Big Banks overwhelmingly support Willard Romney as the GOP presidential nominee, but that was to be expected. After all, the guy bathes in cash and eats hundred dollar bills for appetizers (and he doesn’t care who he hurts making his zillions). What’s even more disturbing are the numbers, not to mention who they favor.
Employees at the five largest U.S. banks by assets, including Bank of America Corp. and Wells Fargo & Co., had given Romney about $600,000 through the first three quarters of 2011, according to the most recent filings available from the Federal Election Commission.
The second-largest recipient of bank employee contributions, President Barack Obama, had far less, about $200,000, the Observer analysis showed.
Financial institutions really, really, really do not want to be regulated, which, of course, is why they should be. Doing away with financial reform, specifically repealing Dodd-Frank, has been a GOP mantra this election season, as Big Banks are doing all they can with their enormous donations to influence who does what:
Donations from commercial bank employees and PACs to Republican candidates for president and Congress made up 68 percent of the total so far. Should that pattern continue, it would mark the most skewed to one party the spending has been in more than two decades. For all of the 2008 cycle, bankers gave 52 percent of their money to Republicans. [...]
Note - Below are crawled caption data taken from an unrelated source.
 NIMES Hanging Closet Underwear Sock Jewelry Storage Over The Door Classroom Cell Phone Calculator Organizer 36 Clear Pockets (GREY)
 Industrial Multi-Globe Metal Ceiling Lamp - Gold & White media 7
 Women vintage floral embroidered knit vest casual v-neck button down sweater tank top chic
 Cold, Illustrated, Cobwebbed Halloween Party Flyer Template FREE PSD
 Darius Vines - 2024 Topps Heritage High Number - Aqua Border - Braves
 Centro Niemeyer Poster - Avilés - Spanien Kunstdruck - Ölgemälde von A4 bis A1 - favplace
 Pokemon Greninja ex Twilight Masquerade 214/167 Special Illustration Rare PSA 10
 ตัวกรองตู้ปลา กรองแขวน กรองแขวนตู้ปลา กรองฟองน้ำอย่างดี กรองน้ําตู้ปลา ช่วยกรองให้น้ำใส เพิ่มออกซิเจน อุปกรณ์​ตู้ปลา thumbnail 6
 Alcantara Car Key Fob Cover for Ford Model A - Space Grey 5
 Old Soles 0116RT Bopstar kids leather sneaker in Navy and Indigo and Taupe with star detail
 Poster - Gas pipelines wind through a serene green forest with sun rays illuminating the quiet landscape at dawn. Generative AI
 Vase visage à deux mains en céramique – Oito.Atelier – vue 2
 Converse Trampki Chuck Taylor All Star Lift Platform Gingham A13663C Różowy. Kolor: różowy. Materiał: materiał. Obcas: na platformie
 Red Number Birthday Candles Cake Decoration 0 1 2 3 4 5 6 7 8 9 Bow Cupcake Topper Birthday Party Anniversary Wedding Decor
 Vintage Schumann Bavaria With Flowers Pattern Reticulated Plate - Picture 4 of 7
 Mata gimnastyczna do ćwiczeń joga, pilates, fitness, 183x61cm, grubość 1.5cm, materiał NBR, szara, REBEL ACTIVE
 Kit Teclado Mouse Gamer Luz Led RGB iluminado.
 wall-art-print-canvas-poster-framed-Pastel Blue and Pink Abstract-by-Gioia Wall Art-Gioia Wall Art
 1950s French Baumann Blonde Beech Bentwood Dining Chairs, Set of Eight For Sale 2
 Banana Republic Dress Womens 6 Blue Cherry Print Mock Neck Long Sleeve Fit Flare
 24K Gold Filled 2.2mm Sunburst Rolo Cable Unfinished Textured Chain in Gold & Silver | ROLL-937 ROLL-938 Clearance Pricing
In Congress, commercial bank employees and PACs have given $5.4 million to Republican candidates, while giving $2.4 million to Democrats, according to the latest data from the Center for Responsive Politics. That’s a 69 percent edge to Republicans so far.
According to the Financial Crisis Inquiry Commission, between 1999 and 2008, the financial sector spent more than $1 billion on campaigns.
And now that the Supreme Court has gifted us with their lovely 2010 Citizens United decision, the Republican nominee’s slogan should be, “You ain’t seen nothin’ yet!”